Très vite, nous comptons proposer des opérations de crédit et de dépôt via le porte-monnaie électronique

Ce dernier s’appuie pour l’instant sur la licence de porte-monnaie électronique de nos banques, ce qui permet de recevoir et de sortir du cash ainsi que de faire des opérations de paiement (de factures, de salaires, des paiements marchands). Mais très vite, nous comptons proposer des opérations de crédit et de dépôt. Au Sénégal, c’est Manko, notre banque de mésofinance, qui va produire les crédits distribués par Yup. En Côte d’Ivoire, nous avons un partenariat avec le groupe de microfinance Advans, dont nous sommes actionnaires et qui sera le producteur de l’offre de crédits.

En quoi est-ce différent des offres des opérateurs de télécoms ?

D’abord, l’offre Yup est indépendante de l’identité de l’opérateur et du type de téléphone (classique ou smartphone). Elle ne fonctionne pas avec la technologie USSD prisée des « telcos », mais avec une technologie d’échange de sons. Cette technologie permet d’identifier le téléphone, de lire le contenu du portefeuille électronique repris dans la puce et de réaliser la transaction, avec un code secret. Elle a été développée par la start-up française TagPay. Nous sommes entrés à son capital l’an dernier et devrions renforcer notre participation en 2018.

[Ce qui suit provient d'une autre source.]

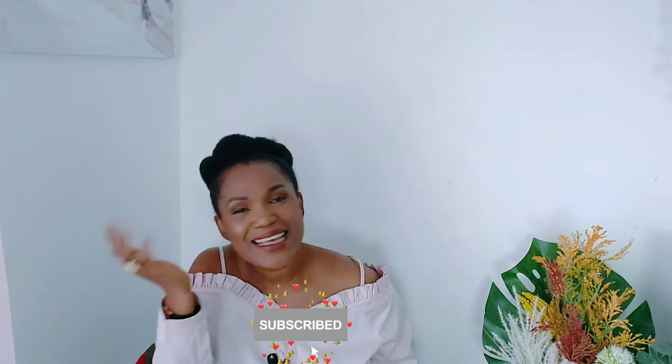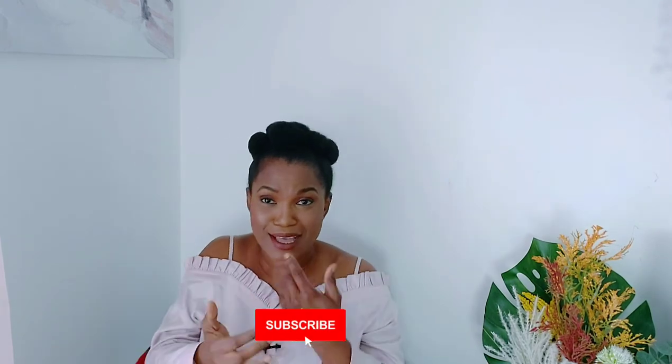Thank you so much for watching today's video. I hope you enjoyed the unboxing! If you did, don't forget to subscribe — it's absolutely free. I've been campaigning but I'm not even up to 700 subscribers yet. When you subscribe, don't forget to turn on the notification bell — it's very important because YouTube is not always sending notifications to my subscribers. So please turn on the bell so you get notified whenever I upload a new video. I'll see you all in my next video — bye!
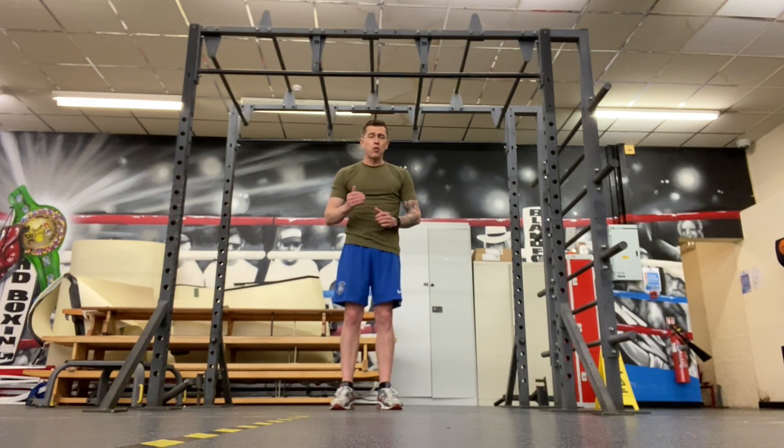Once you can do step one for 10 minutes in one go, then you're going to move on to step two.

Vous ne craignez donc pas la concurrence des telcos ?

Nous avons une intimité avec les grands clients qui sont à l’origine des flux, notamment les entreprises qui vont payer des salaires sur le porte-monnaie électronique et le faire ainsi vivre. Nous pouvons dématérialiser, par ce biais, les flux de paiements. De plus, les banques peuvent proposer des opérations de crédit et de dépôt, contrairement aux opérateurs de télécoms, qui n’ont pas la licence bancaire.

Certains ont des licences de monnaie électronique, c’est notamment le cas d’Orange dans la zone Uemoa…

Peut-être qu’un jour les opérateurs voudront devenir des banques, comme en France. Après, la connaissance ou la compréhension de la banque ne se gagnent pas du jour au lendemain. Cela demande une expertise du risque, notamment sur les opérations de crédit. Et puis il y a des sujets de conformité – y compris dans le contrôle des flux pouvant relever du blanchiment de fonds – qui sont de plus en plus prégnants en Afrique et sur lesquels nous avons une vraie avance…

Donc à chacun son métier ?

Il faut que l’on apprenne à travailler avec ce nouveau compétiteur. À Madagascar, on a un vrai partenariat avec Telma, opérateur leader du marché. Nous sommes la banque à travers laquelle Telma effectue l’ensemble de ses transactions de monnaie électronique.

Je crois fermement que le développement du paiement mobile se fera un jour au travers des plateformes d’interopérabilité

Mais le marché africain n’est pas suffisamment ouvert aujourd’hui pour qu’il y ait une place pour des initiatives d’opérateurs de télécoms comme celles qu’on déploie sur Yup, concentré aujourd’hui sur les métiers transactionnels, mais que nous allons élargir au crédit et à l’épargne.

Pour l’instant, nous avons un avantage compétitif réel et historique sur les activités proprement bancaires sur lequel il faudra que nous continuions à capitaliser. De façon générale, je crois fermement que le développement du paiement mobile se fera un jour au travers des plateformes d’interopérabilité, qui fonctionnent quel que soit le porte-monnaie électronique.

La monétique ne s’est vraiment développée dans le monde qu’à partir du moment où il y a eu des groupements d’intérêt économique (GIE) monétiques. Il se passera la même chose dans le paiement électronique. Nous devons nous y préparer.